The recent high-profile acquisitions by Comcast (Sky) and AT&T (Time Warner) may be setting up a global battle over subscribers.

In a report, the firm pointed out that Comcast's acquisition of Sky adds 22.9 million video subscribers and 6.2 million broadband customers in Europe to the company's nearly 30 million customer relationships in the US. It also expands the company's list of owned networks across the Atlantic, adding to a portfolio of US networks as well as Universal Studios.
AT&T meanwhile has added HBO's direct-to-consumer platform to its more than 38 million video subs in the US and Latin America, along with more than a dozen fully owned channels and the Warner Bros filmed catalogue. Paired with the telco’s previous acquisition of DIRECTV, it shows that legacy players' best shot at success in that market may be an interpolation of a “foot in the door" strategy.
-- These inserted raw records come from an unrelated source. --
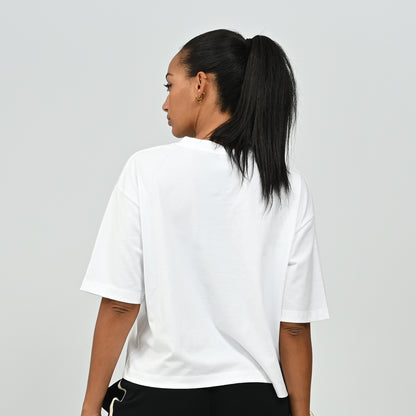 Back view of a model wearing the white oversized HAFT collegiate American football jersey t-shirt by Hybryd.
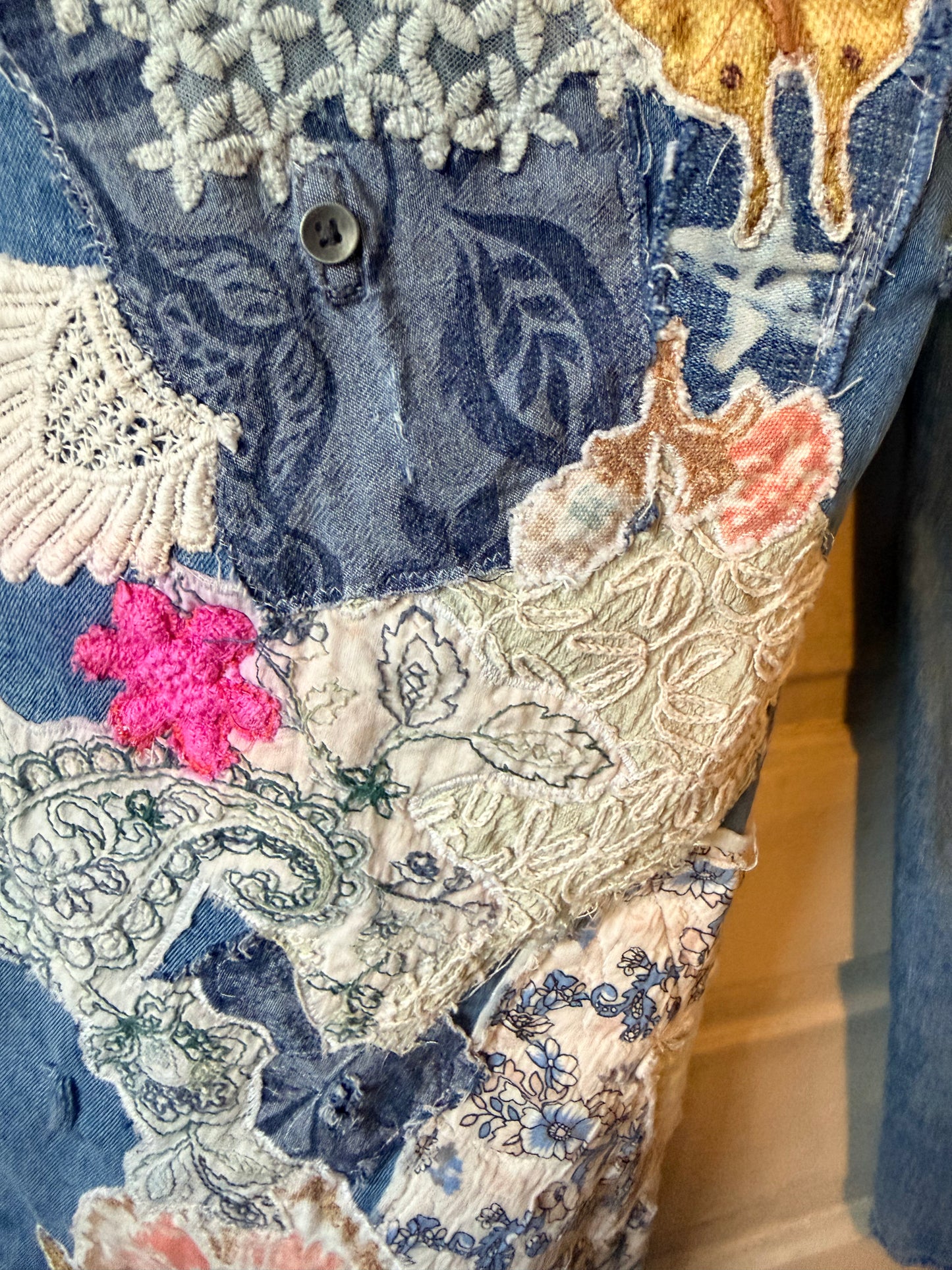 Patchwork upcycled denim jeans, boho hippie style distressed denim, front and frayed jeans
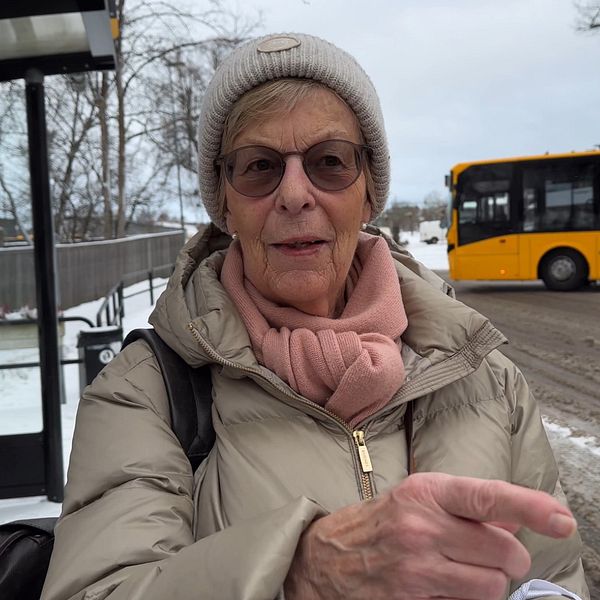 en kvinna framför en busshållsplats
AT&T's and Comcast's track records show the companies regularly taking on ancillary businesses, successfully.
“Recent examples include Comcast's acquisition of programming giant NBCUniversal Media LLC, which among other things resulted in NBC's return to the top of the broadcast ratings, and AT&T's successful entrance into the virtual multichannel market with DIRECTV NOW,” Kagan said.
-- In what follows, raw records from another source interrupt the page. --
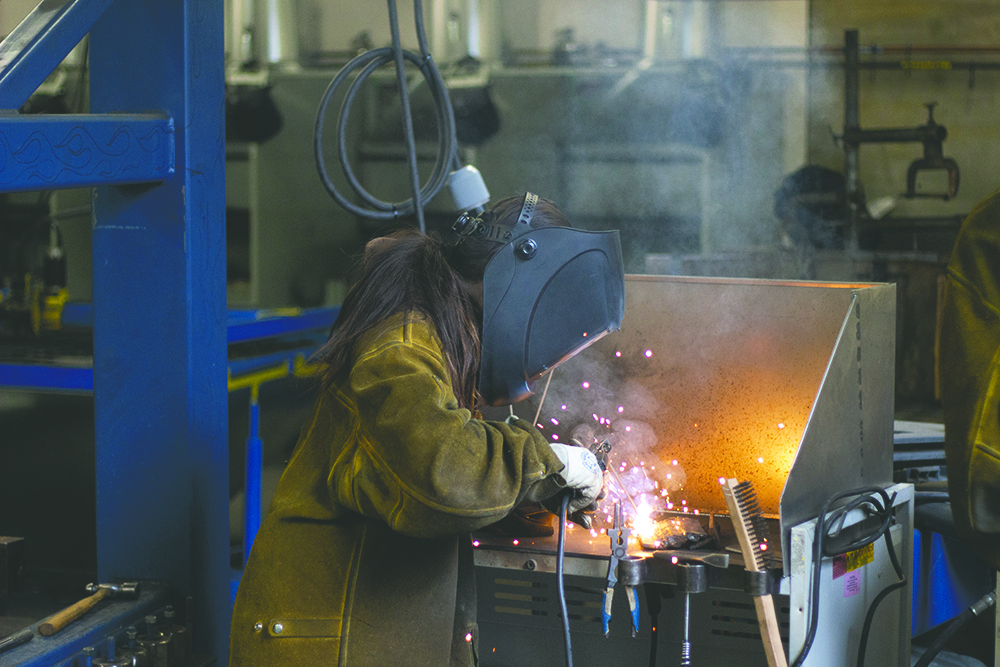 Student welds with sparks flying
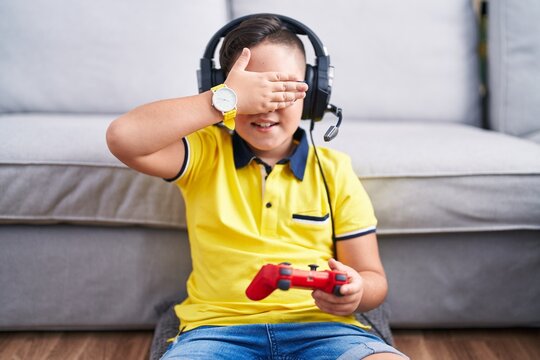 Young Hispanic Kid Playing Video Game Holding Controller Wearing Headphones Smiling And Laughing With Hand On Face Covering Eyes For Surprise. Blind Concept.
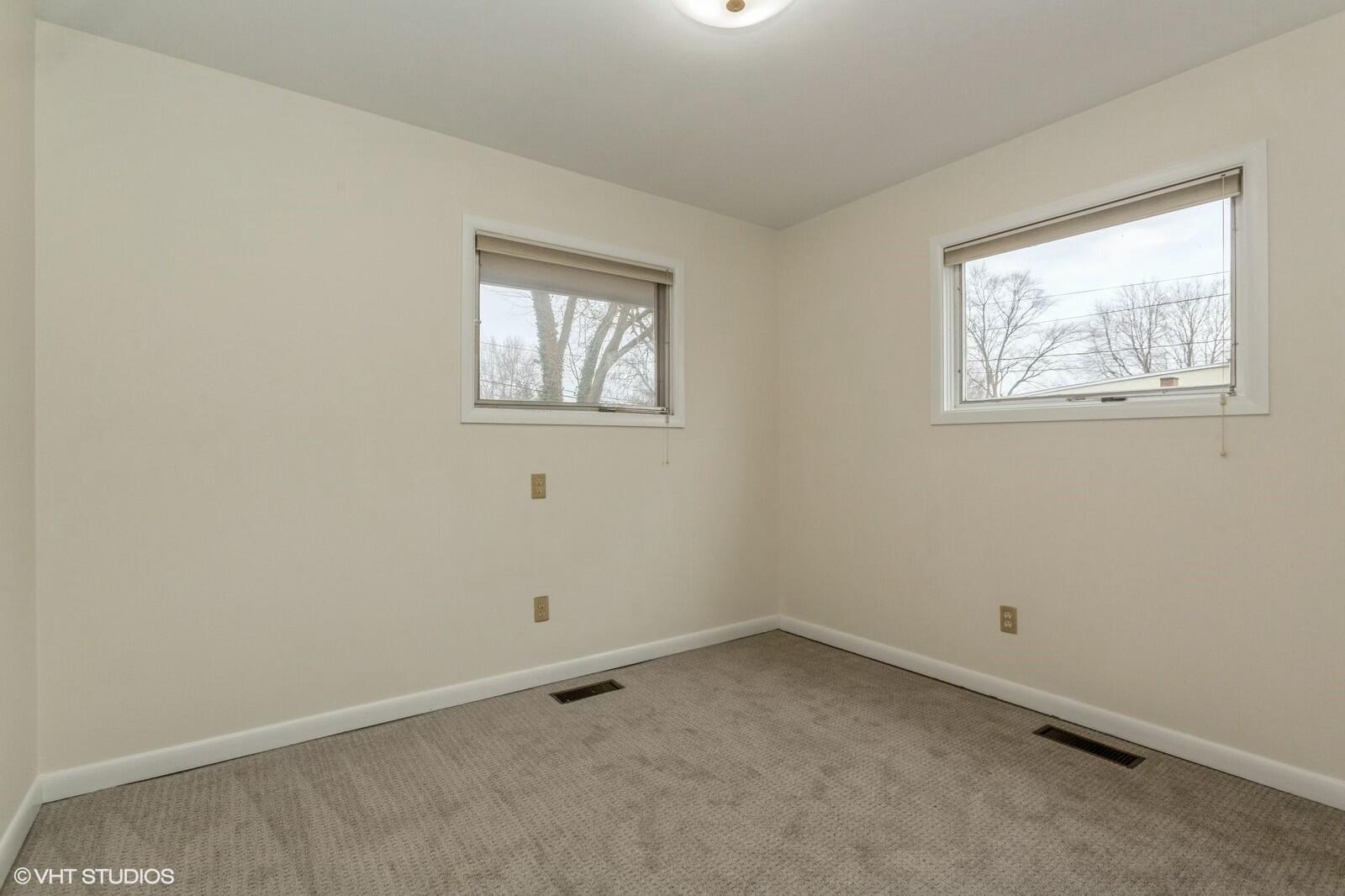 121 Belmont Court Michigan City, IN 46360 - Photo 11 of 12 an empty room with a window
The report explained, “The conglomerates, aside from the large pools of customer relationships and vast distribution networks discussed above — which include a massive 162 million wireless subscribers in the case of AT&T — can leverage....deep marketing budgets to back the rollout of new products, as well as prized movie libraries and top-notch live linear TV programming that can be packaged into products likely to resonate with streaming aficionados.”